Pedagogically, a virtual classroom must be a flipped classroom. It’s not an option. Online and in real time creates an authentic, but different classroom experience from sharing the same physical space. I can deliver very short lecture bytes (6-8 minutes), but expecting students to meet virtually in real time and listen to a lecture on a screen is not only counterproductive; it is grounds for student mutiny. In a flipped classroom, lectures are part of the homework, along with videos and readings. Students spend class time doing activities that demonstrate their ability to interact with the material.

At first, I posed questions about the lecture and reading homework and went around the screen asking everyone commenting on the topic. I still do that as the initial way to touch base about main points, but it was more successful to design debates, panel discussions, simulations, and role-playing games. The homework lectures and readings addressed the issue, and I assigned student groups a specific role to play or position to argue.  I made collaboration part of their homework, so they came to class prepared.

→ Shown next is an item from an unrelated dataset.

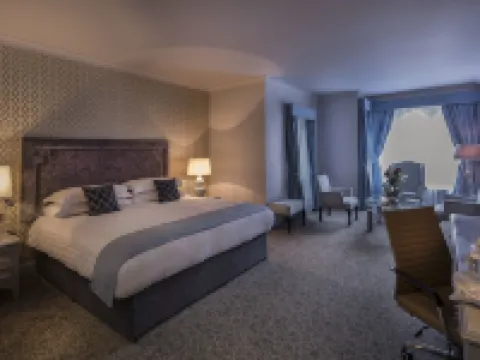 Treacys Oakwood Hotel, Shannon Hotele w: Clare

These kinds of activities fostered better oral communication and critical thinking. Students were able to engage with the material, connect issues and information from earlier weeks to current work, and actively participate every week.

The online course genie is never going back into the bottle. A synchronous, virtual class does restrict some of the flexibility of a fully online, asynchronous format, but it offers a new model for authentic faculty and student engagement and an active learning pedagogy.